**Data for analysis**:
____________
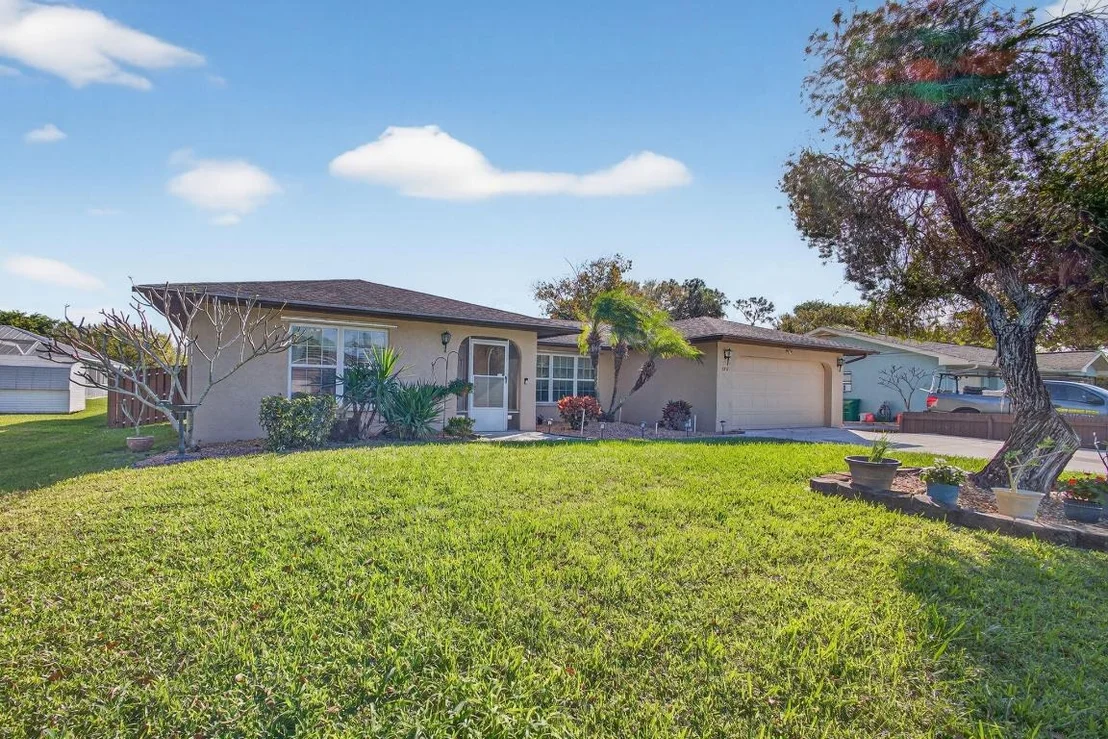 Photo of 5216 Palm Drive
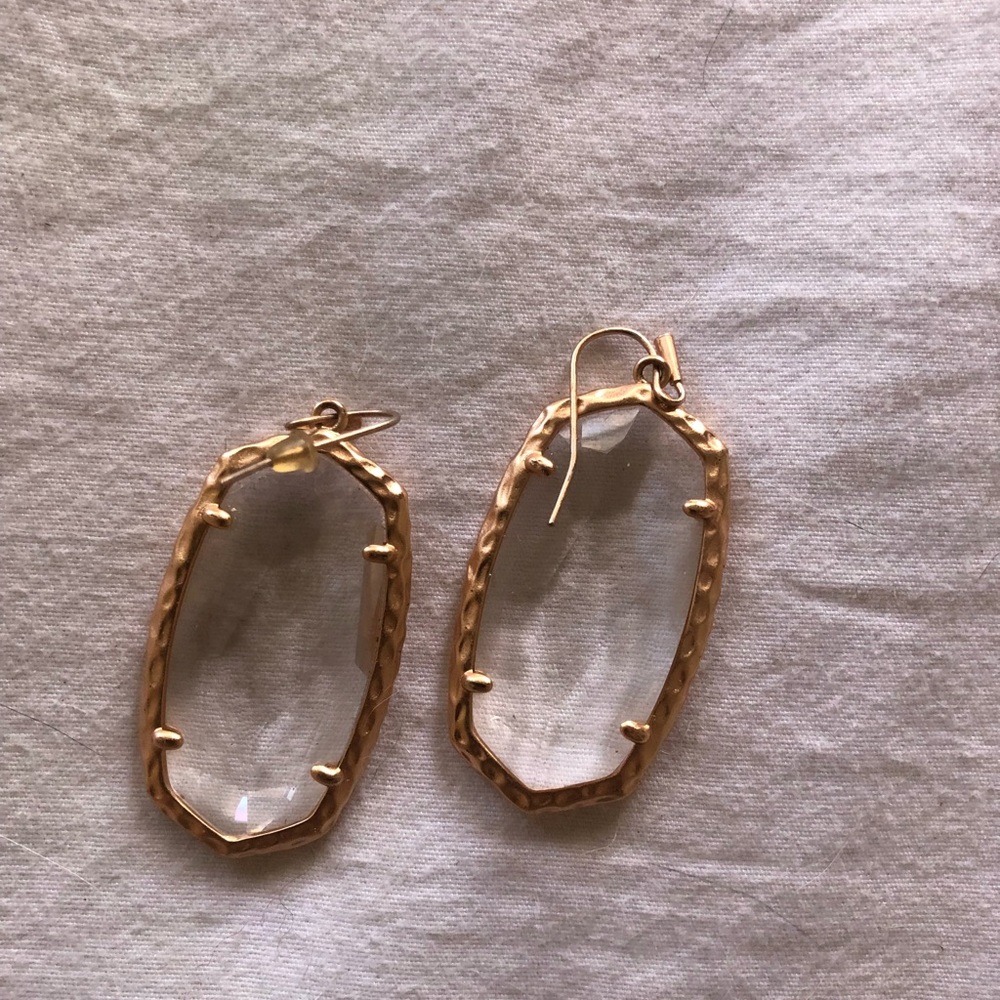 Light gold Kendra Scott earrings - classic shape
____________
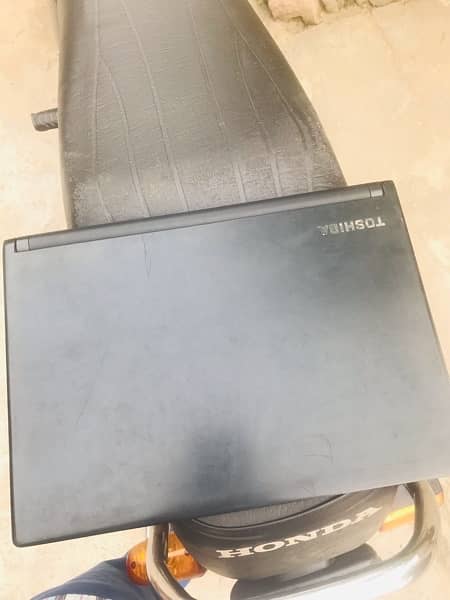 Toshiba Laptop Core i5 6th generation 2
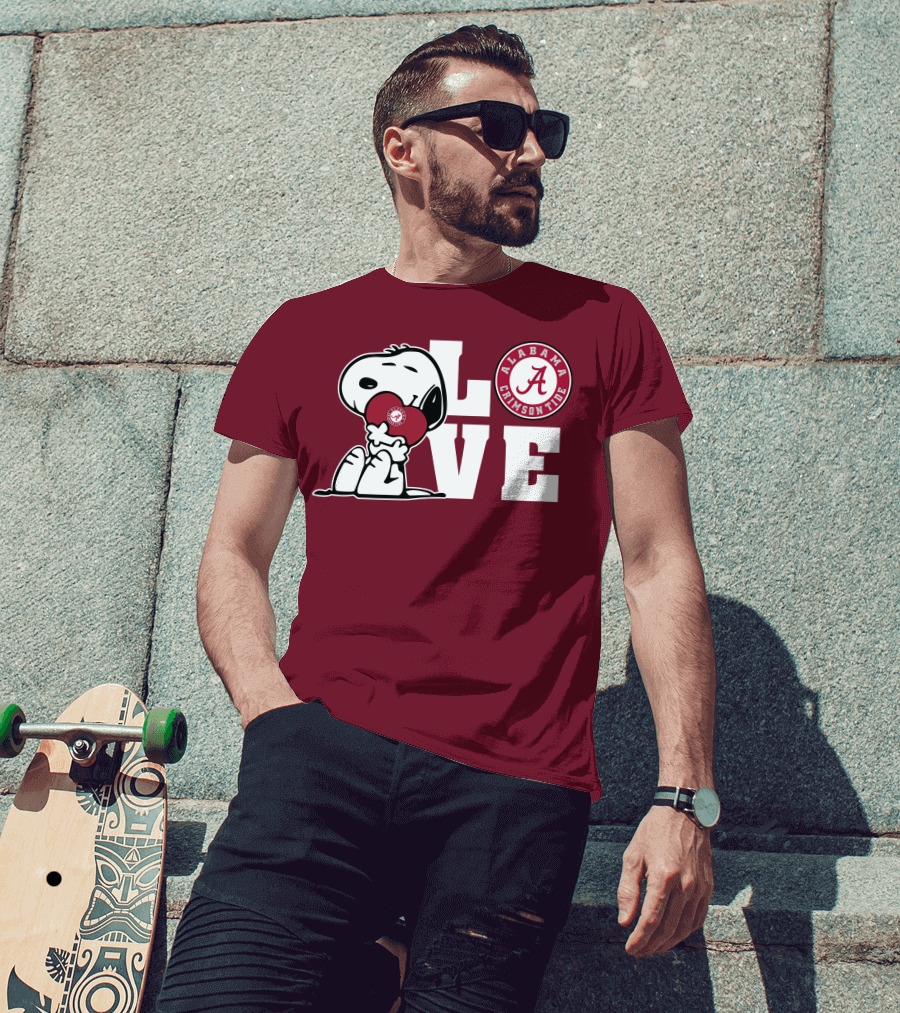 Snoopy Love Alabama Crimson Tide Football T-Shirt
____________
**Work order**: Working from the records above, set down word for word everything from the line containing "Photo of 5216 Palm Drive" down to the line containing "Light gold Kendra", ends included, minus the pictures.

**Answer space**:
 Photo of 5216 Palm Drive
 Light gold Kendra Scott earrings - classic shape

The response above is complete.